Sometimes this attitude shows up in small ways that make a big difference. All staff are known as ‘colleagues’ rather than ‘employees’, which reflects the company’s flat structure and helps to create a sense of collaboration in the workplace. When a colleague is rewarded for exceptional performance they are given a day off – that is, time to spend with their families and friends – rather than a cash bonus, neatly demonstrating the company’s priorities. They are also encouraged to volunteer for the local community in company time. “Our colleagues and their families are partners in our business,” as their values statement has it. And they pay well too, as an accredited Living Wage Employer, another reason they have no problems recruiting staff and absenteeism is minimal.

“People knock on our door with their CV,” says Mags. “Of course, they don’t always have the skills we need, but working with Coleg Cambria we are able to offer apprenticeships that lead to a qualification in Food Manufacturing Excellence.

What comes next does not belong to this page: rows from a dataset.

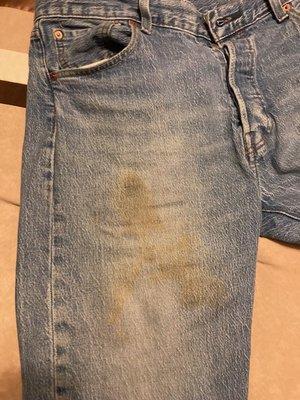 Ruined jeans from waitress dumping katsup on me.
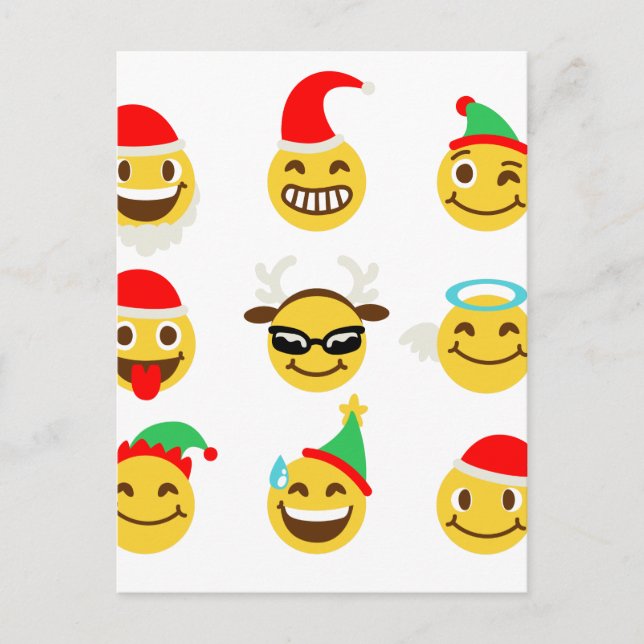 xmas emoji happy faces holiday postcard (Front)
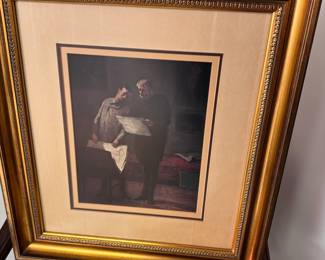 Daumier "Advice to a Youn" framed print 22" x 19"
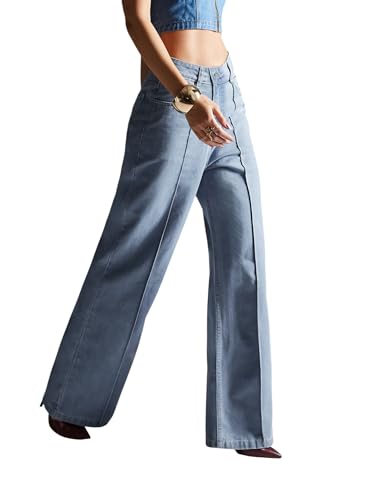 Image of Miss Chase Women's Wide-Leg High-Rise Regular-Length Stretchable Shaping Denim Jeans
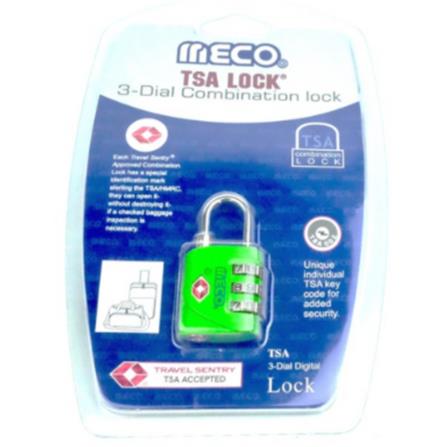 MECO TSA 3-DIGIT DIAL LUGGAGE PADLOCK M533G GREEN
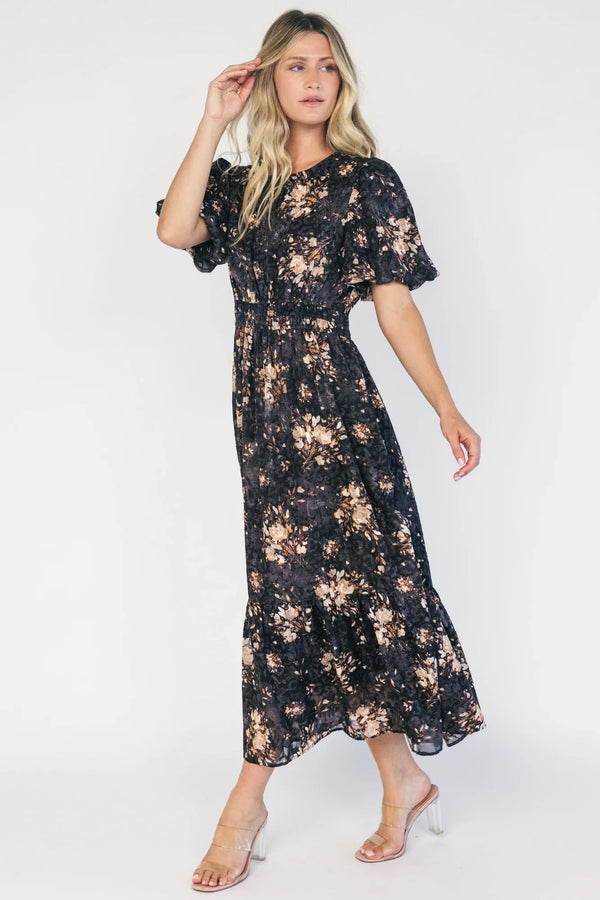 Crestwood Midi Dress | Black + Tan Floral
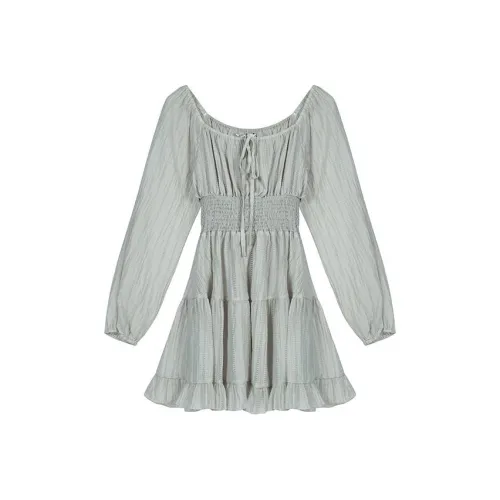 ETSE Длинное платье с длинными рукавами женское серое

In fact, all our staff take it, right up to management level, because it’s important we have a shared understanding of what the factory is about. And we’re glad to be supporting the development of food skills in Wales generally.”

Calbee could have some encouraging lessons for the food industry in Wales. As it takes a stand for shared values centring on human dignity while also achieving healthy growth and profitability, it shows how business can be a force for good. “Together we laugh, learn and love what we do,” they say on their website. Who wouldn’t want to be part of a workplace like that?